- Opening Delimiter -

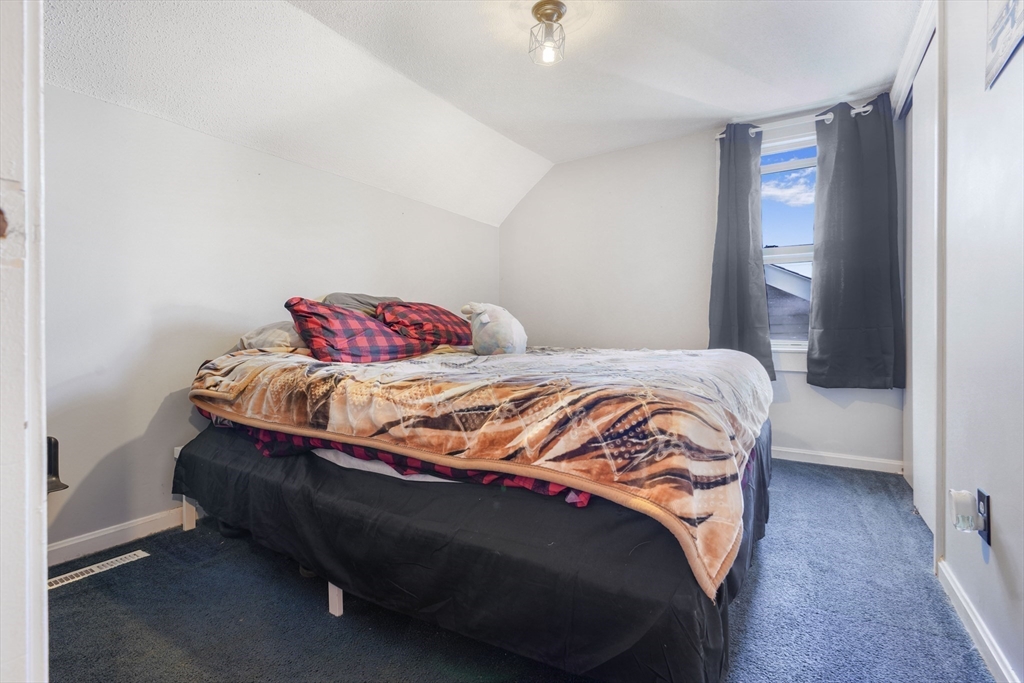 45 Boutwell Street Fall River, MA 02723 - Photo 25 of 36 a bedroom with a bed and a window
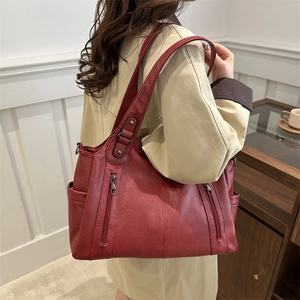 Vintage burgundy leather tote bag with vertical zippers and side pockets for women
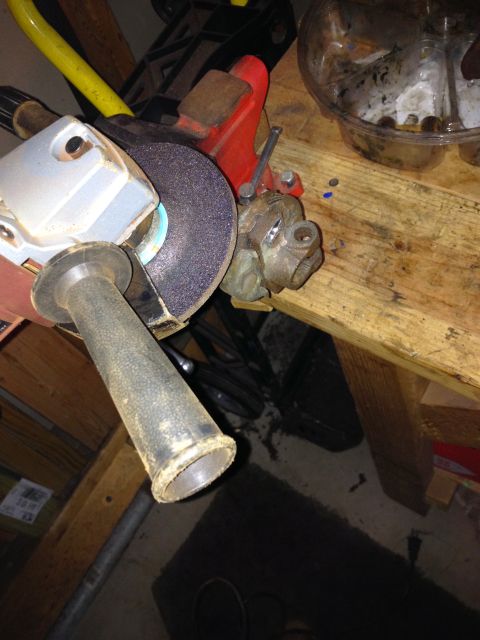 Angle grinder with a grinding wheel held by a red vise on a wooden workbench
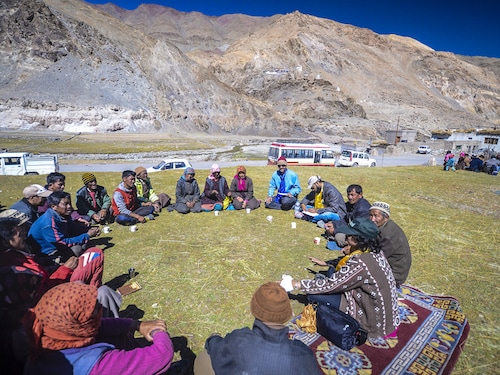 LADAKH, INDIA - SEP 18, 2014: tribal people in the mountains discuss a village issue in a meeting in Ladakh, India.
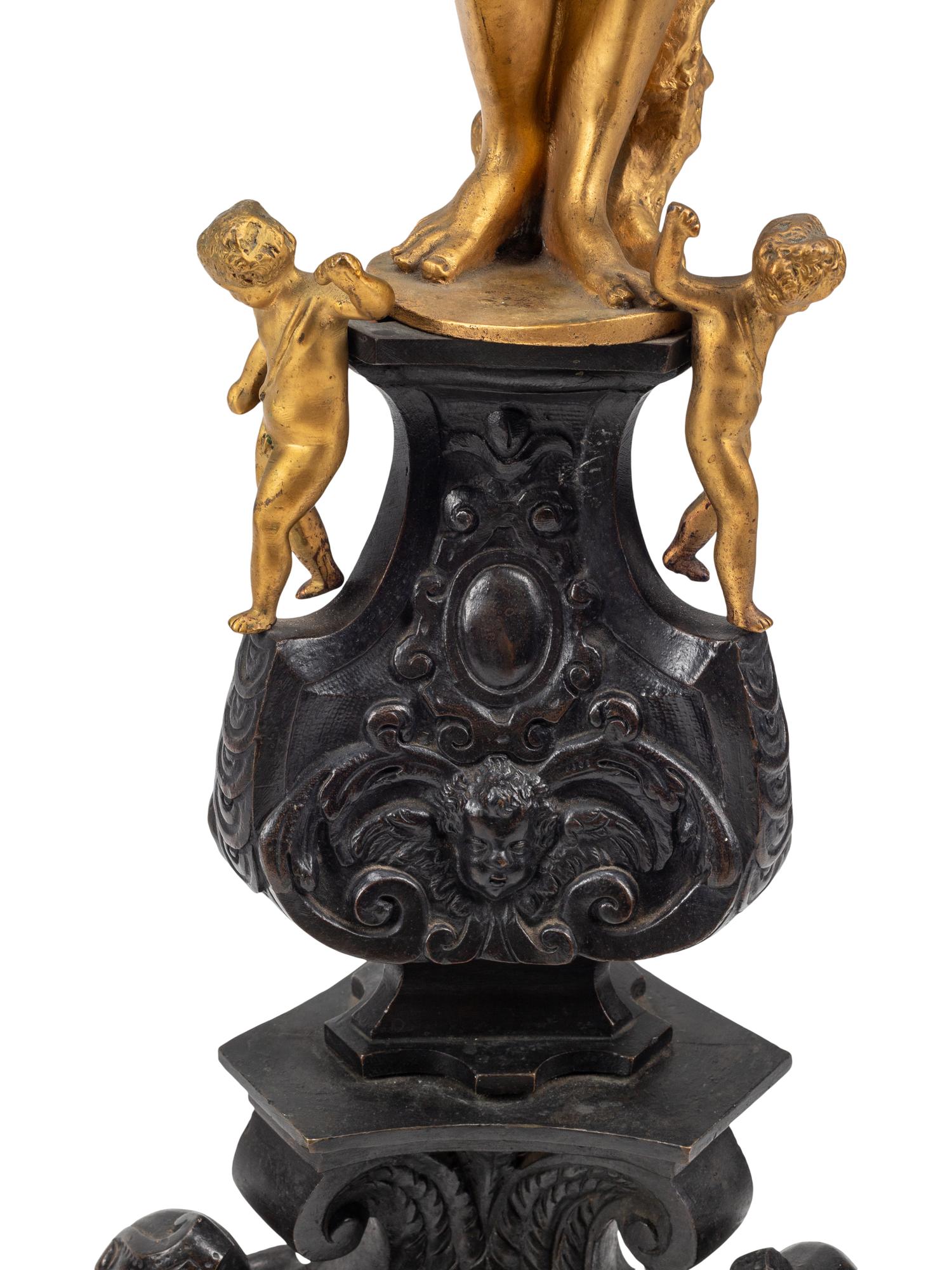 A Pair of Large Baroque Style Gilt and Patinated Bronze Figural Chenets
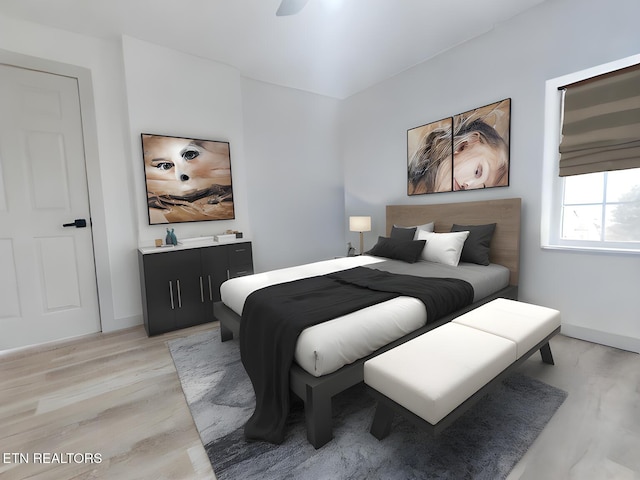 bedroom featuring light wood-type flooring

- Closing Delimiter -

TASK: In the data above, find the line containing "Vintage burgundy leather"; from there, please write out each line through the end, exactly, with the pictures omitted.

SOLUTION TO THE PROBLEM:
 Vintage burgundy leather tote bag with vertical zippers and side pockets for women
 Angle grinder with a grinding wheel held by a red vise on a wooden workbench
 LADAKH, INDIA - SEP 18, 2014: tribal people in the mountains discuss a village issue in a meeting in Ladakh, India.
 A Pair of Large Baroque Style Gilt and Patinated Bronze Figural Chenets
 bedroom featuring light wood-type flooring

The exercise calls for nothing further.